In de buurt van sterke radiogolven of
straling. De camcorder kan wellicht niet goed
opnemen.
In de buurt van AM-radio-ontvangers en
videoapparatuur. Er kan ruis optreden.
Op zandstranden en in stoffige omgevingen.
Zand en stof kunnen storingen in de
camcorder veroorzaken. Soms kunnen deze
storingen niet meer worden hersteld.
Bij ramen of locaties buitenshuis waar het
LCD-scherm of de lens aan direct zonlicht
wordt blootgesteld. Hierdoor wordt het LCD-
scherm beschadigd.
Gebruik de camcorder op 6,8 V/7,2 V
gelijkstroom (accu) of 8,4 V gelijkstroom
(netspanningsadapter).
Gebruik voor werking op gelijkstroom of
wisselstroom alleen de accessoires die in deze
gebruiksaanwijzing worden vermeld.
Zorg dat de camcorder niet nat wordt,
bijvoorbeeld door regen of zeewater. Als de
camcorder nat wordt, kunnen er storingen
optreden. Soms kunnen deze storingen niet
meer worden hersteld.
Als er een voorwerp of vloeistof in de behuizing
van de camcorder terechtkomt, moet u de
camcorder loskoppelen van het stopcontact en
de camcorder eerst door een Sony-handelaar
laten nakijken voordat u de camcorder weer
gebruikt.
Vermijd ruwe behandeling, demontage,
aanpassing en schokken door op het apparaat
te slaan, het te laten vallen of erop te trappen.

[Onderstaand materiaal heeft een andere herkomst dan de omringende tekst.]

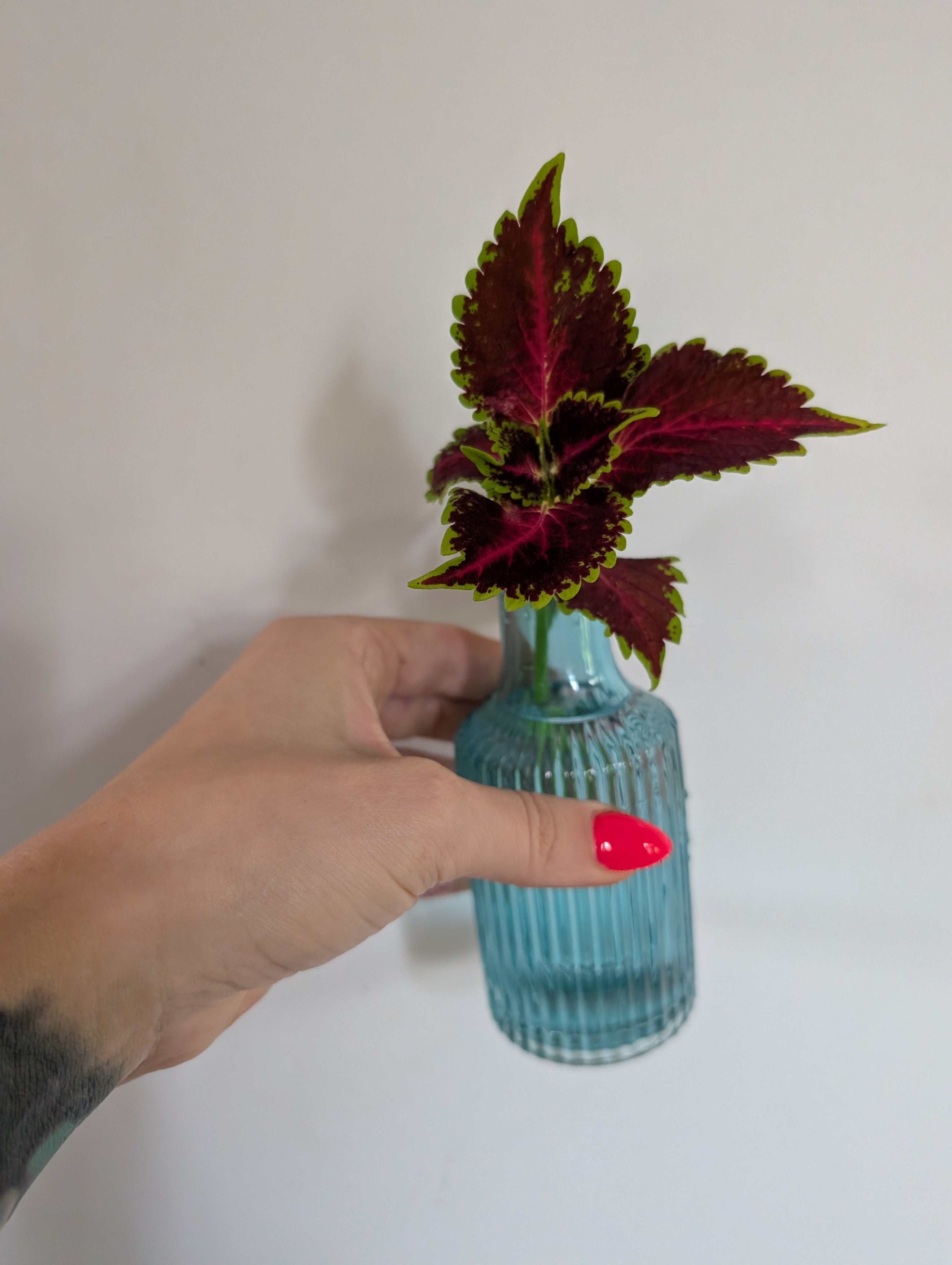 Coleus unrooted clipping in propagation pot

Wees vooral voorzichtig met de lens.
Houd het LCD-scherm gesloten wanneer u de
camcorder niet gebruikt.
Wikkel de camcorder tijdens gebruik nooit in
textiel, zoals een handdoek. De binnenkant van
de camcorder kan hierdoor ernstig oververhit
raken.
Als u het netsnoer loskoppelt, moet u aan de
stekker en niet aan het snoer trekken.
Beschadig het netsnoer niet door er een zwaar
voorwerp op te plaatsen.
Gebruik geen vervormde of beschadigde accu.
Houd de metalen contactpunten goed schoon.
Als er elektrolytische vloeistof uit de accu is
gelekt:
Neem contact op met een plaatselijke, door
Sony erkende onderhoudsdienst.
Spoel vloeistof af die op uw huid is
terechtgekomen.
Als er vloeistof in uw ogen is gekomen, wast
u uw ogen met veel water en raadpleegt u zo
snel mogelijk een arts.
Wanneer u de camcorder langere tijd
niet gebruikt
Om uw camcorder lange tijd in optimale
conditie te houden, schakelt u deze ongeveer
één keer per maand in en neemt u een aantal
beelden op en speelt u een aantal beelden af.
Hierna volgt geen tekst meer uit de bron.